China OKs eight provinces for investment

By Laura Busch | April 27, 2010 | Last updated on April 27, 2010
2 min read

Eight provincial securities commissions have signed a deal with the China Banking Regulatory Commission (CBRC) in the hopes of encouraging institutional investors from mainland China to explore the Canadian market.

The securities commissions for British Columbia, Alberta, Saskatchewan, Manitoba, Ontario, Quebec, New Brunswick and Nova Scotia inked the Supervisory Cooperation Arrangement with the CBRC that now designates Canada as a destination for the Qualified Domestic Institutional Investor (QDII) Program in China.

“This agreement will give Canadian financial markets access to up to US$8 billion in investment capital,” said Minister of Finance Jim Flaherty. “This represents a strong vote of confidence in Canada’s economic prospects and the soundness of Canada’s financial system.”

The QDII program allows approved institutional investors from China, including banks, fund management companies and insurance firms, to invest funds pooled from their mainland clients in approved overseas financial markets.

“The CSA attaches considerable importance to Canada’s eligibility as a destination for the Qualified Domestic Institutional Investor Program,” stated Jean St-Gelais, chair of the CSA and president and CEO of the Autorité des marchés financiers (Québec). “This supervisory cooperation arrangement paves the way for Chinese commercial banks to conduct investments on behalf of their clients with Canadian-based financial institutions regulated by CSA participating jurisdictions. This could attract new capital to the Canadian market and open new markets to Canadian financial institutions.”
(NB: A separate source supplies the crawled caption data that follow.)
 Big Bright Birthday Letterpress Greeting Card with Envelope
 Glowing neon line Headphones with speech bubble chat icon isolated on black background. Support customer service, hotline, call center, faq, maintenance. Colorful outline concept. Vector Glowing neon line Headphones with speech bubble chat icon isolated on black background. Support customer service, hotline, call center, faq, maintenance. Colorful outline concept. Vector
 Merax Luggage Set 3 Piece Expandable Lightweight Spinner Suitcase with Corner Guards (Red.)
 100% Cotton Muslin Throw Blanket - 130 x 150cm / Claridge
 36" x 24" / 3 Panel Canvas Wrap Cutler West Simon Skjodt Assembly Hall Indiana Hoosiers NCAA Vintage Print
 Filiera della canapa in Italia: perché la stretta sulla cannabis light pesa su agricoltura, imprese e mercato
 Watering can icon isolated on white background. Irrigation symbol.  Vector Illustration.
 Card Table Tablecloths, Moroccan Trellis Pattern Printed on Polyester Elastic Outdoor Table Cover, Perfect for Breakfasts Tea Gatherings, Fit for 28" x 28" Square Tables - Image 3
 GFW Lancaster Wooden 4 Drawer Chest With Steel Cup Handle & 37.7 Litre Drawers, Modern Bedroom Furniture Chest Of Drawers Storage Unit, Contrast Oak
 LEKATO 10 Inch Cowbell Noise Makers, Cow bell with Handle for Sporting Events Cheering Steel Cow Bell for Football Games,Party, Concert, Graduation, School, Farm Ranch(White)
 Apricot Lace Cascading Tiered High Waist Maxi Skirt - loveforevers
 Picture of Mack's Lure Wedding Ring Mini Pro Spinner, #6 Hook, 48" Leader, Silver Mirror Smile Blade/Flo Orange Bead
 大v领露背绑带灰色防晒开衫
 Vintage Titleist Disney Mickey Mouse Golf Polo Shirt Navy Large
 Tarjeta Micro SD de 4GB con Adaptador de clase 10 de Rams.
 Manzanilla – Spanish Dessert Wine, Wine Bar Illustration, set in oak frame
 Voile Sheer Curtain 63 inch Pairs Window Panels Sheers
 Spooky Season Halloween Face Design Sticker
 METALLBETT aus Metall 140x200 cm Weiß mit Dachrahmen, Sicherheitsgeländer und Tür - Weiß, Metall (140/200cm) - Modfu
Seven of the eight participating Canadian securities commissions have already enacted the arrangement, with Ontario waiting for ministerial approval before enacting the arrangement on June 22, 2010.

“Through this program, CBRC recognizes the quality of Canadian securities market regulation,” said St-Gelais. “The CSA would like to thank the Canadian government for its assistance in concluding this arrangement.”

Minister Flaherty stated that this designation was a key objective of his trip to China in August 2009.

“This is a timely agreement, coming as our fellow G20 partners discuss the need to maintain open capital markets,” he said. “It also reinforces to me the value in personally visiting our trading partners to discuss issues of mutual importance. I hope to return to China in the near future to continue the valuable dialogue we have established.”